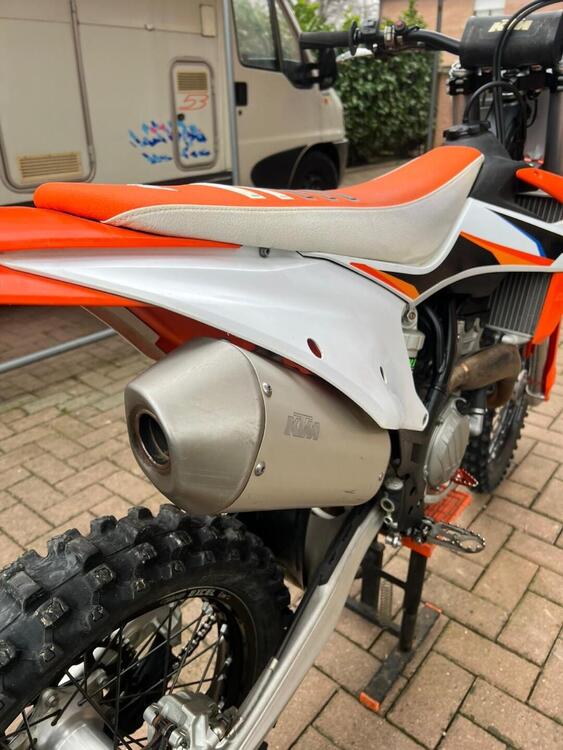 KTM 250 SX-F (2021) (4)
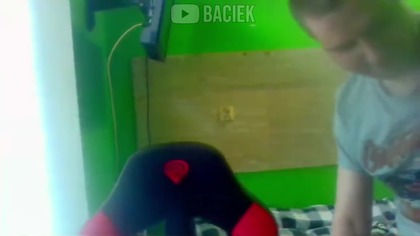 Dawid Jasper | ROZWALIŁ ŁÓŻKO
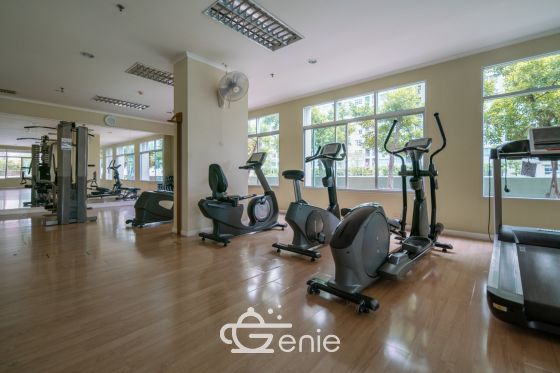 Lumpini Park Pinklao Newly decorated condo || Near 📷 MRT Bang Yi Khan || 400 meters Central Pinklao || Easy installments 7,xxx baht Ready to move in Beautiful and colorful room. Code 3235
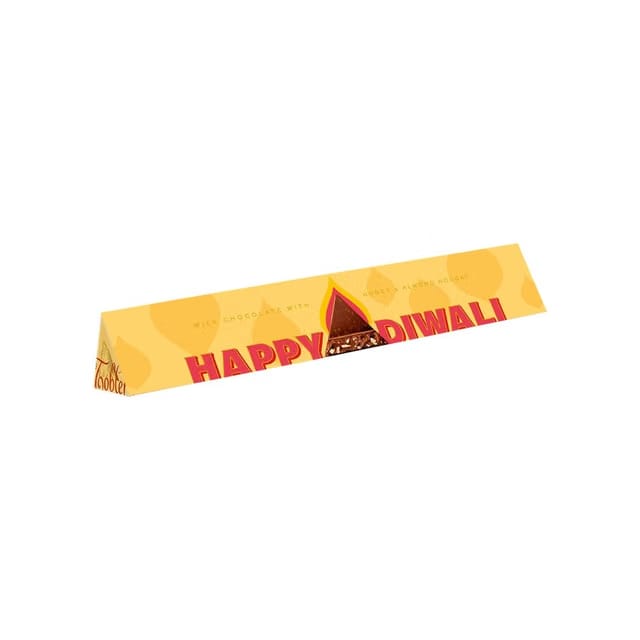 Toblerone Happy Diwali Chocolate Gift Pack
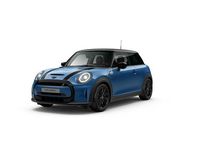 Usata Mini Cooper SE 135 kW (184 CV) 2022 Utilitaria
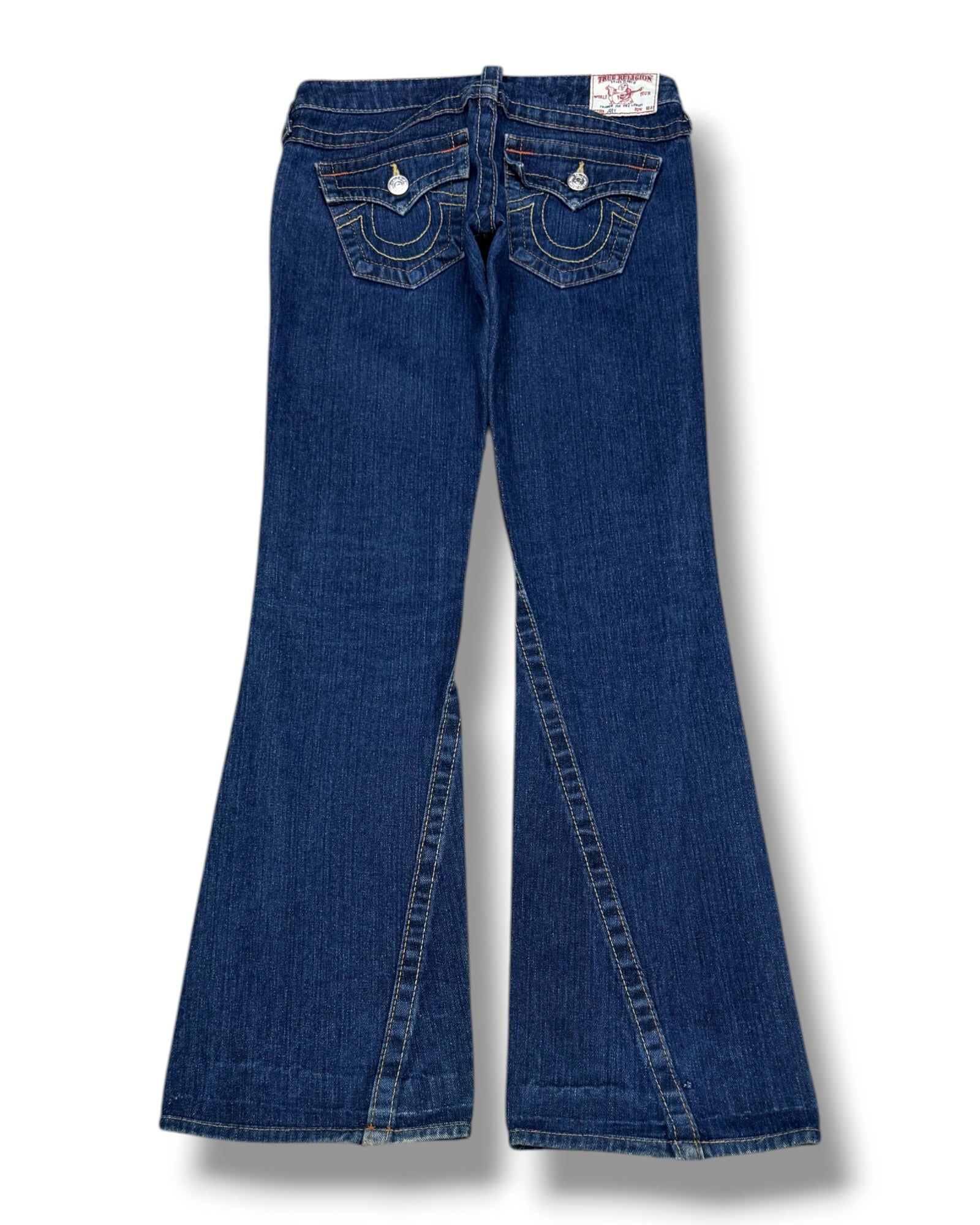 True Religion Flared Jeans (S)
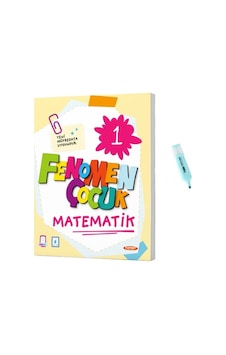 1.sınıf Matematik Soru Bankası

# # # #

[ABOUT THIS EXERCISE]:
Give again exactly the lines from the one holding "True Religion Flared Jeans (S)" to the final line of the records, both ends included; any pictures stay out.

[RESULT BELOW]:
 True Religion Flared Jeans (S)
 1.sınıf Matematik Soru Bankası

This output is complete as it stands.